Dalam konteks hukum acara, keberlakuan sertipikat tanah elektronik sudah diakui sepenuhnya. Berdasarkan ketentuan UU ITE dan peraturan Menteri ATR/BPN, informasi elektronik maupun hasil cetaknya dapat dijadikan alat bukti hukum yang sah di pengadilan.
Buku Tanah Elektronik yang dicetak untuk kepentingan pembuktian tidak memerlukan tanda tangan manual karena telah diautentikasi oleh sistem melalui segel elektronik.
Seluruh riwayat pendaftaran tanah terekam secara otomatis pada sistem, sehingga data kepemilikan dapat ditelusuri secara transparan dan akurat.
Penerapan sertipikat elektronik tidak hanya sekadar inovasi teknologi, tetapi juga wujud nyata reformasi birokrasi di bidang pertanahan.
Beberapa pandangan mengaminkan digitalisasi administrasi pertanahan memungkinkan kepastian hukum melalui sistem pendaftaran tanah berbasis stelsel positif, yang menjamin bahwa data yang tersimpan adalah bukti sah kepemilikan.
Kantor pertanahan kini bertransformasi menjadi pusat informasi digital yang terintegrasi dan berperan sebagai penyedia layanan publik modern.
Penerapan sistem elektronik juga membuka peluang optimalisasi penerimaan negara.

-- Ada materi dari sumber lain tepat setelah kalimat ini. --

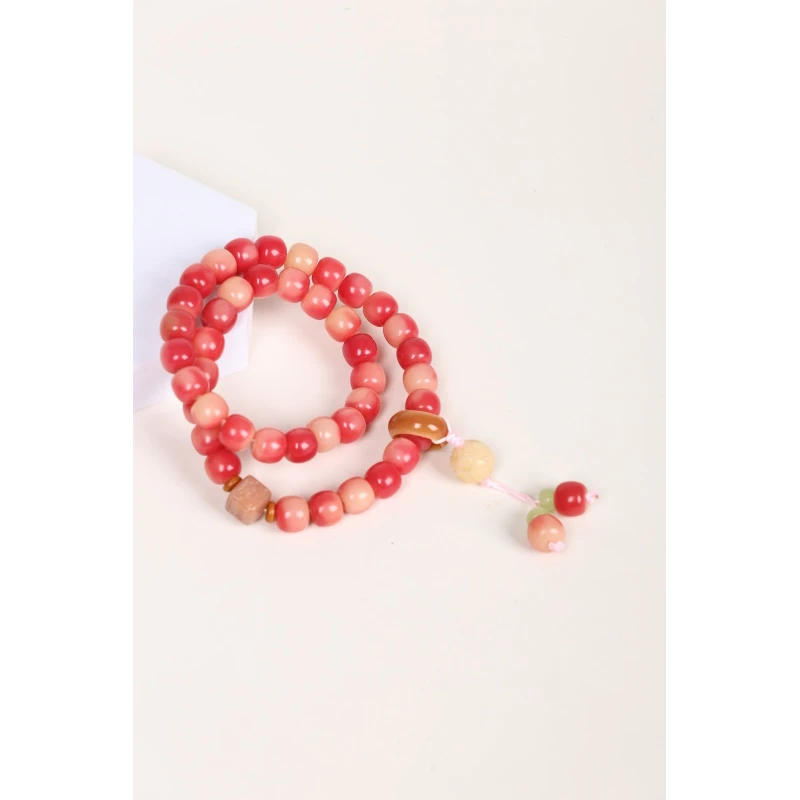 XD005樱桃玫瑰粉色菩提根双圈（无礼盒）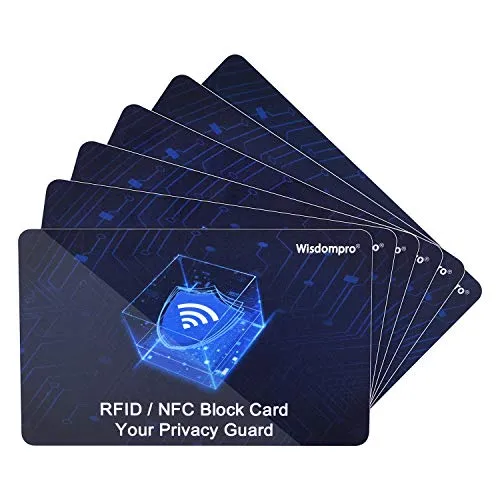 wisdompro Protezione RFID 6 pezzi, RFID Protection Card/NFC Card, Protezione Carte di Credito, Proteggi Carte di Credito Contactless per Carta di Debito, Carta D'identità, Passaporto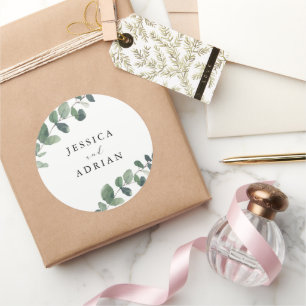 Leafy Green Elegance Wedding Runder Aufkleber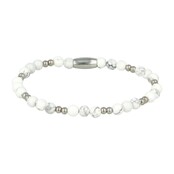 Elastische Howlite Armband van stainless steel - Luxe Sieraad Zilver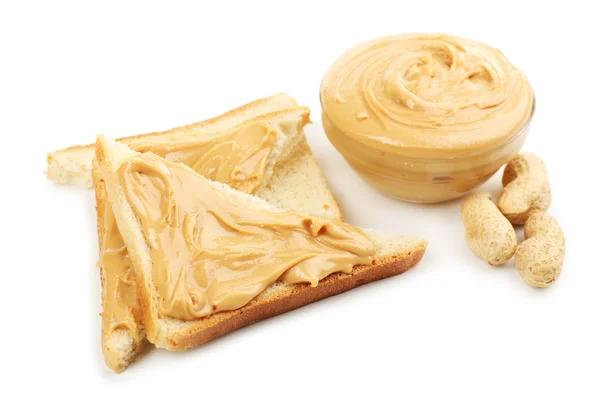 크림 같은 땅콩 버터와 빵 조각 — 스톡 사진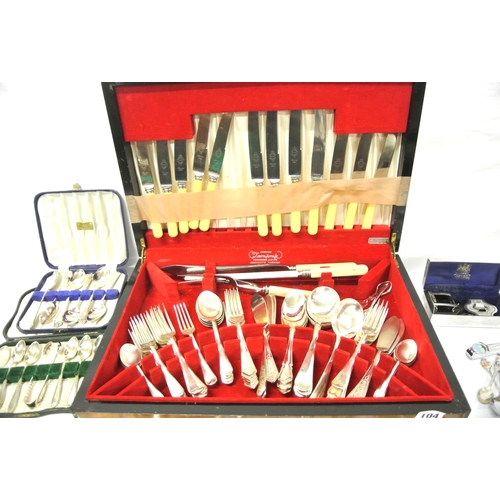 104 - Assorted lot of cutlery, canteen, vase, shaving kit, etc., in box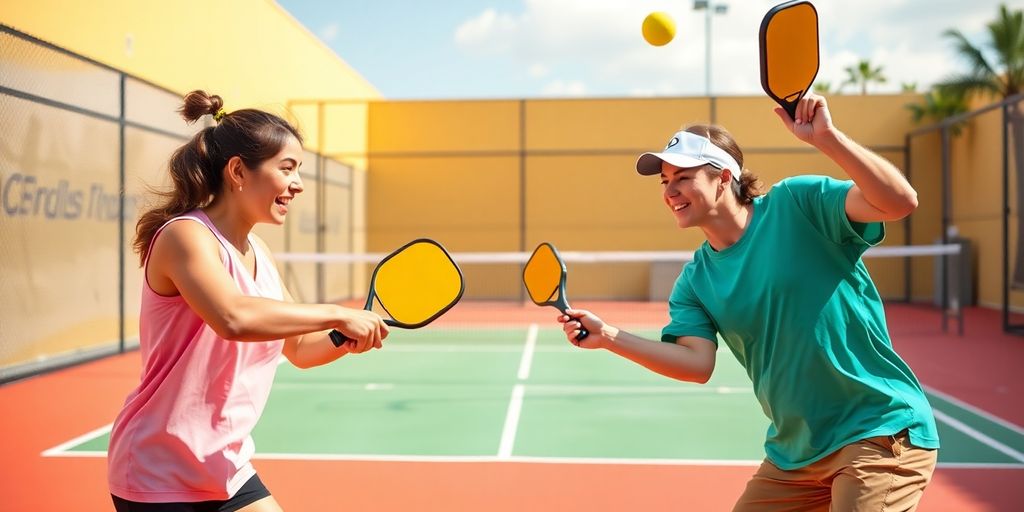 Two teams playing pickleball doubles on a court.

Layanan informasi pertanahan yang dikelola secara transparan dapat menjadi basis sumber pendapatan non-pajak sekaligus memperkuat konsep self-financing lembaga.
Selain itu, kecepatan dan kemudahan layanan akan meningkatkan daya saing ekonomi nasional, memperbaiki peringkat kemudahan berusaha (EoDB), serta menarik investasi di sektor properti dan infrastruktur.
Lebih jauh, transformasi digital di bidang pertanahan berkontribusi pada pencapaian Tujuan Pembangunan Berkelanjutan (Sustainable Development Goals).
Penataan ruang yang berbasis data dan digitalisasi kepemilikan tanah mendukung perencanaan pembangunan yang inklusif dan berwawasan lingkungan.
Dengan sistem yang terintegrasi, perencanaan tata ruang dapat dioptimalkan untuk mendukung pertumbuhan ekonomi yang adil dan berkelanjutan.
Penutup
Kebijakan sertipikat tanah elektronik mencerminkan komitmen negara untuk menghadirkan birokrasi yang modern, transparan, dan akuntabel.
Dengan lebih dari 5 juta sertipikat dan buku tanah elektronik yang telah terbit hingga pertengahan 2025, Indonesia berada di jalur yang tepat menuju layanan pertanahan digital sepenuhnya.
Transformasi ini tidak hanya memperkuat kepastian hukum hak atas tanah, tetapi juga mempercepat pelayanan publik, menutup ruang penyimpangan, serta membangun kepercayaan masyarakat terhadap negara.
Administrasi pertanahan Indonesia kini melangkah menuju era “maju dan modern” di mana hak kepemilikan tanah warga dijamin oleh sistem digital yang aman, mudah diakses, dan berstandar dunia.